9 Lumentum SQL Interview Questions
SQL Question 1: Identifying VIP Customers at Lumentum
Lumentum makes optical and photonic products for corporate clients. One crucial customer activity is project initiation, where a customer client starts a new project using Lumentum products. The more projects a client starts, the more valuable they are to the company. A "VIP" client shall be defined as a client company who has started more than 3 projects in a month. Write a SQL query to identify these VIP client companies.
projects Example Input:
| project_id | client_id | start_date | product_id |
|---|---|---|---|
| 1001 | 425 | 06/02/2022 | 25 |
| 1002 | 425 | 06/05/2022 | 12 |
| 1003 | 425 | 06/20/2022 | 37 |
| 1004 | 725 | 06/05/2022 | 610 |
| 1005 | 425 | 06/25/2022 | 12 |
| 1006 | 725 | 07/02/2022 | 25 |
Example Output:
| month | year | client_id |
|---|---|---|
| 6 | 2022 | 425 |
Answer:
SELECT EXTRACT(MONTH FROM start_date) AS month, EXTRACT(YEAR FROM start_date) AS year, client_id FROM projects GROUP BY month, year, client_id HAVING COUNT(project_id) > 3;
The above query works by first extracting the month and year from the project start date. It then groups the data by month, year, and client ID and counts the number of projects each client has started during each month of each year. The HAVING clause filters the data so that only clients who have started more than 3 projects in a month are included in the final result.

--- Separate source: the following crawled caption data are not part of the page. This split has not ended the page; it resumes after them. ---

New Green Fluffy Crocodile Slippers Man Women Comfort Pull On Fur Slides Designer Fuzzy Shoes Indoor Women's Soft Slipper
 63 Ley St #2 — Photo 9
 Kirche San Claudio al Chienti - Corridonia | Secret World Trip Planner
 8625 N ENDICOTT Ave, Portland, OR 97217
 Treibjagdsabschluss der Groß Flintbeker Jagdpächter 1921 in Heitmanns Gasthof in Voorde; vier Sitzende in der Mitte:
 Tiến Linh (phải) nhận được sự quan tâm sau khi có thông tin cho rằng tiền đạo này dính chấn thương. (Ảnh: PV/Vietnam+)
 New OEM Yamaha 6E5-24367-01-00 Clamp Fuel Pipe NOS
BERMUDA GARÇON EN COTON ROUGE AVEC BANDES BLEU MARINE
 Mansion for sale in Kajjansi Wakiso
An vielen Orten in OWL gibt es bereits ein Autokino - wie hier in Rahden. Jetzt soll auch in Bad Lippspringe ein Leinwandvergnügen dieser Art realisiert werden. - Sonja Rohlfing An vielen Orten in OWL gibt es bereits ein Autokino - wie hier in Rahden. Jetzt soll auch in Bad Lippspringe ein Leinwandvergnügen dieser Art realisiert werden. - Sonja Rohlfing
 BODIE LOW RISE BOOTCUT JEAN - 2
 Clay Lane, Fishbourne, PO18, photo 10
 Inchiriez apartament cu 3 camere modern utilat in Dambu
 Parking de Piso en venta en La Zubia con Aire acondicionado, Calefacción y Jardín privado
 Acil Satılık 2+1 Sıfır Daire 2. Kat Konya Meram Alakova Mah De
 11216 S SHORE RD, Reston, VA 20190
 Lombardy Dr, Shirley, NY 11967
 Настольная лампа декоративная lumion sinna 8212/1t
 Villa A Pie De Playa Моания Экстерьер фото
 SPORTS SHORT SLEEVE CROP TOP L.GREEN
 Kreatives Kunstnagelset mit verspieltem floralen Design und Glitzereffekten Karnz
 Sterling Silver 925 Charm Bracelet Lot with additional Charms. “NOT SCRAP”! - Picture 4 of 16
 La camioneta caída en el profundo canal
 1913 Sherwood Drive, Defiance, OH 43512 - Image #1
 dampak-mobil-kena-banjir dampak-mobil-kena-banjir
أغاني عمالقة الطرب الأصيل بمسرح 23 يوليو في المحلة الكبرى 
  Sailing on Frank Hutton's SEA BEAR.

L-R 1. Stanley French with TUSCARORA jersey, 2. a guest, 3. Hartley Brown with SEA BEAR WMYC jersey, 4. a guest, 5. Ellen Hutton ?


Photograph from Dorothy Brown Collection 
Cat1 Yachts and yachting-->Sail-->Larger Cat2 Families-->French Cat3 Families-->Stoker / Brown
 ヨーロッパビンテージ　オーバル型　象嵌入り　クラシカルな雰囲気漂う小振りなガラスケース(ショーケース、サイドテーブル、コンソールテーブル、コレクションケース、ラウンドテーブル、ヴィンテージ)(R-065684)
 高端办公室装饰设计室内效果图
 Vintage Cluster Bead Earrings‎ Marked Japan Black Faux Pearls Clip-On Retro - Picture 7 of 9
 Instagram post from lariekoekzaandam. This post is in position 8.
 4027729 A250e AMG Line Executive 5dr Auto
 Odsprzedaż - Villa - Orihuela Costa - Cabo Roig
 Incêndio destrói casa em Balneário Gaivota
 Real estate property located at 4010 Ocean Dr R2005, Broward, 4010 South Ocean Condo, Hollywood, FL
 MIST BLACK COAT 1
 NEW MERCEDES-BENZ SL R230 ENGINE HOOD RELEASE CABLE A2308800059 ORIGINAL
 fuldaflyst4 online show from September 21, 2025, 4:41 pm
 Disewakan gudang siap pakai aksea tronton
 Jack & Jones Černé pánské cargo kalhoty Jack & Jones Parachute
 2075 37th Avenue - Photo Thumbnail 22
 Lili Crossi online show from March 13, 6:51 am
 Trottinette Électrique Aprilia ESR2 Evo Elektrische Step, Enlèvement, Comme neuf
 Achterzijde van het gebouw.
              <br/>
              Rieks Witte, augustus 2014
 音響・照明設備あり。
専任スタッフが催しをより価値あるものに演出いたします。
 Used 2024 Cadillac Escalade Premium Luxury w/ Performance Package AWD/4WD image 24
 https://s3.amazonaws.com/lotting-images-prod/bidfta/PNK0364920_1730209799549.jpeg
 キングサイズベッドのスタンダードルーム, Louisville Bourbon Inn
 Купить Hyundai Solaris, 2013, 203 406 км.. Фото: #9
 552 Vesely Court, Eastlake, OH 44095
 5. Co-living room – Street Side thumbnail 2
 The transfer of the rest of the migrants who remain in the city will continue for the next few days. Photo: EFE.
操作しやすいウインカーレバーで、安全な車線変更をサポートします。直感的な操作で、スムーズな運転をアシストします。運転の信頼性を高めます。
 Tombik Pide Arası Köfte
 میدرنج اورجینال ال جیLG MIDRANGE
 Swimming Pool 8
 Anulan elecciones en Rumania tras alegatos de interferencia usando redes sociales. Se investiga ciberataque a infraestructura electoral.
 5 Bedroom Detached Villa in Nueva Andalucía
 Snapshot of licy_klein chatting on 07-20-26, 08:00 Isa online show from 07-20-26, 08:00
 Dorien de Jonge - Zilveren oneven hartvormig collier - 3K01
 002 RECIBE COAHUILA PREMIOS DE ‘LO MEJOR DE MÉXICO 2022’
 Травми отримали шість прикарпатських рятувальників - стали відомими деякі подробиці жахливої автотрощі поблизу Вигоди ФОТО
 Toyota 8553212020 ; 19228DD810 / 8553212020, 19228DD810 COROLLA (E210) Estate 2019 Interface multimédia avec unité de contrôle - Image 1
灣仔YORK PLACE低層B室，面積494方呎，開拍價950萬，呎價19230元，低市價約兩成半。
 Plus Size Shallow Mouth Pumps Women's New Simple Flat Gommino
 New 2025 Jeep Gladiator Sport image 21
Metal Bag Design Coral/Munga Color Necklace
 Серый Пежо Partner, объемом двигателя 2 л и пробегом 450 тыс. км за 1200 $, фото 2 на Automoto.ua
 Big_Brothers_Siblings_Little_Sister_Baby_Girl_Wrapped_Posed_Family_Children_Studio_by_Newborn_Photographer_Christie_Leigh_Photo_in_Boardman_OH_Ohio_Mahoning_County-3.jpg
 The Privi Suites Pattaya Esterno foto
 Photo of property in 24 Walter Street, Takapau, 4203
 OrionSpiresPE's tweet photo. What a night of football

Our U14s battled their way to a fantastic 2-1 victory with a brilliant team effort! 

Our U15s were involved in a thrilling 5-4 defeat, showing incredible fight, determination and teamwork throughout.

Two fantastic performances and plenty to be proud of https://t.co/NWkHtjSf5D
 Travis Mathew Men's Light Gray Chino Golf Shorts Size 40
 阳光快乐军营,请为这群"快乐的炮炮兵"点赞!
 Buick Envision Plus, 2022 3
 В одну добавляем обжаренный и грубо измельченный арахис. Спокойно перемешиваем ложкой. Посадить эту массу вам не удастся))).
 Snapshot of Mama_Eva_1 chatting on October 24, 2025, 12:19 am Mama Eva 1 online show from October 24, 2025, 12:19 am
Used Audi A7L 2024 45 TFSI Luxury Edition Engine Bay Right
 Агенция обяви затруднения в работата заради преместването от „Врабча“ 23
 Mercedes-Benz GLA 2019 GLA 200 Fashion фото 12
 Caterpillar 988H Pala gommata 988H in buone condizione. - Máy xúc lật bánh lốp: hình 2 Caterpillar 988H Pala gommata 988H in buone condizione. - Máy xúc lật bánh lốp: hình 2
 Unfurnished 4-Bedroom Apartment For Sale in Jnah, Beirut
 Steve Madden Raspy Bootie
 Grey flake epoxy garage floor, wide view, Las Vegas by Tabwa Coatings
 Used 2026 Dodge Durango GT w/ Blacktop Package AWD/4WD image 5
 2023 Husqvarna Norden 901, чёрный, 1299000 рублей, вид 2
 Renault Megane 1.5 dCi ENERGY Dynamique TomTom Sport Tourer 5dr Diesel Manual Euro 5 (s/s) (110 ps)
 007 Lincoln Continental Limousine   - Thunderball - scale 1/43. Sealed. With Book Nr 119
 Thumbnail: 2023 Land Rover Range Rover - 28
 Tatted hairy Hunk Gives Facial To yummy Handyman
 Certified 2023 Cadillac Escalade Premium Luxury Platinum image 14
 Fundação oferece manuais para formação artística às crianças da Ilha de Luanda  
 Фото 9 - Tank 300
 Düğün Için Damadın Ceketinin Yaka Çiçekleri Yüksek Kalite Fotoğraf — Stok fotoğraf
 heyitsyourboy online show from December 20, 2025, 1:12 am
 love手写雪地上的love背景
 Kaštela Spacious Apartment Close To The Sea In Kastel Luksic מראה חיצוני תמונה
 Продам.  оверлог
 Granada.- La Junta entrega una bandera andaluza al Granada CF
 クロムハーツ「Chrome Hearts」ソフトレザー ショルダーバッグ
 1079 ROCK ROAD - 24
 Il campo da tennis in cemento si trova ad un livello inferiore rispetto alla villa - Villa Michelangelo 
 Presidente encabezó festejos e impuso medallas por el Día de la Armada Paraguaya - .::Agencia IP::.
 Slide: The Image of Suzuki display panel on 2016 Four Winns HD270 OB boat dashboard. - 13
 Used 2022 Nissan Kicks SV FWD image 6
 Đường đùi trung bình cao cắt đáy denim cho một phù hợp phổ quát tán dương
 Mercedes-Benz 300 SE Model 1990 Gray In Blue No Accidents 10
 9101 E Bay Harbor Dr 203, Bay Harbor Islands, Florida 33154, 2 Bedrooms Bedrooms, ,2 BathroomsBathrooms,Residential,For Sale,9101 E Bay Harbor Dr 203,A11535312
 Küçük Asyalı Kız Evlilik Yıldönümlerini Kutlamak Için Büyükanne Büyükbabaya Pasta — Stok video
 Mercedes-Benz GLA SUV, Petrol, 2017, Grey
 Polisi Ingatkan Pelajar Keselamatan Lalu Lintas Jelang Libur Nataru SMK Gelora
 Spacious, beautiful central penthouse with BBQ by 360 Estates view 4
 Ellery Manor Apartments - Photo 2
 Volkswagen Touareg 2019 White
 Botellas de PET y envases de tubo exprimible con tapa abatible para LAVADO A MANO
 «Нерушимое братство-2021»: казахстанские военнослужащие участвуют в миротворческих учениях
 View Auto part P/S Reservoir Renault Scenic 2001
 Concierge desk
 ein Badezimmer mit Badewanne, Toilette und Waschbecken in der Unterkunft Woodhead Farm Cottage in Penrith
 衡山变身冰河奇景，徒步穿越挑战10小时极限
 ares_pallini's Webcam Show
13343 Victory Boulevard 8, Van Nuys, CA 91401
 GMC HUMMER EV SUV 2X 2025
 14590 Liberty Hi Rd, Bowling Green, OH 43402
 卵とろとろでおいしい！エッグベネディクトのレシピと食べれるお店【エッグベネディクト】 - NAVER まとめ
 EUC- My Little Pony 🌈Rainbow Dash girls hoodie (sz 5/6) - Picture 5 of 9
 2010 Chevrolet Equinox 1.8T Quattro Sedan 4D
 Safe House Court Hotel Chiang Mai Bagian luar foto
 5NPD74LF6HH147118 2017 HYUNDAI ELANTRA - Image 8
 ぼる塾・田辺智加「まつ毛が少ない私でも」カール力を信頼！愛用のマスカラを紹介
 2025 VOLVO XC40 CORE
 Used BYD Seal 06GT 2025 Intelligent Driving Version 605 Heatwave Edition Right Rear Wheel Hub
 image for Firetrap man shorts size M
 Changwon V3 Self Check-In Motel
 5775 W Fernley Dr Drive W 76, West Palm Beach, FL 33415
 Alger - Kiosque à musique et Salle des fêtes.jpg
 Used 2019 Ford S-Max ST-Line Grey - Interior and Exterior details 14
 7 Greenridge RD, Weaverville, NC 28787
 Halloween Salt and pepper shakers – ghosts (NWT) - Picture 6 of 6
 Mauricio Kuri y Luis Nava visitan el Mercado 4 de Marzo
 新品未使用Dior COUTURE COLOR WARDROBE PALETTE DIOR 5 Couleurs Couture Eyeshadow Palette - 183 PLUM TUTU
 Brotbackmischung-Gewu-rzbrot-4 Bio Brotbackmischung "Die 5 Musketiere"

To solve a related customer analytics question on DataLemur's free online SQL coding environment, try this recently asked Microsoft SQL interview question:
SQL Question 2: Calculate the Average Monthly Sales Volume Per Product
Imagine you're a data analyst at Lumentum, and you're presented with the task of determining the average monthly sales volume per product. Thesales table contains real-time sales data, including the product id, sales volume, and the time of each transaction. Lumentum wants to make sure that their product portfolio is balanced, and they need to make key decisions based on monthly performance of each product. Your task is to write a PostgreSQL query that calculates the total sales volume for each product per month using window functions.
sales Example Input
| transaction_id | transaction_time | product_id | volume |
|---|---|---|---|
| 001 | 2022-06-01 10:00:00 | A1 | 1000 |
| 002 | 2022-06-01 11:00:00 | A2 | 1500 |
| 003 | 2022-06-15 15:00:00 | A1 | 1000 |
| 004 | 2022-07-01 10:00:00 | A1 | 1000 |
| 005 | 2022-07-02 11:00:00 | A2 | 1500 |
| 006 | 2022-07-15 15:00:00 | A2 | 1500 |
Answer
We'll use the SUM() function as a window function here in combination with the OVER() clause and PARTITION BY:
WITH monthly_sales AS ( SELECT product_id, DATE_TRUNC('month', transaction_time) AS month, volume FROM sales ) SELECT product_id, month, SUM(volume) OVER (PARTITION BY product_id, month) AS monthly_volume FROM monthly_sales ORDER BY product_id, month;
This query first generates a Common Table Expression (CTE) monthly_sales where it extracts the month from the transaction time and selects the product id and volume. Then, it calculates the monthly sales volume per product using the window SUM() function and sorts the result by product id and month. The PARTITION BY clause categorizes the data into partitions based on product id and month, and the SUM() function is applied to each of these partitions separately.
For more window function practice, try this Uber SQL Interview Question on DataLemur's online SQL coding environment:
SQL Question 3: Does a UNION ALL typically give the same results as a FULL OUTER JOIN?
For all practical purposes, UNION ALL and FULL OUTER JOIN do NOT produce the same results.
While both are similar in that they combine two tables, you can think of joins as increasing the width of the resulting table (you'll have more columns in the result set for a left/inner/right join), whereas a union is used to combine rows which increases the height of the result set but keeps the column count the same.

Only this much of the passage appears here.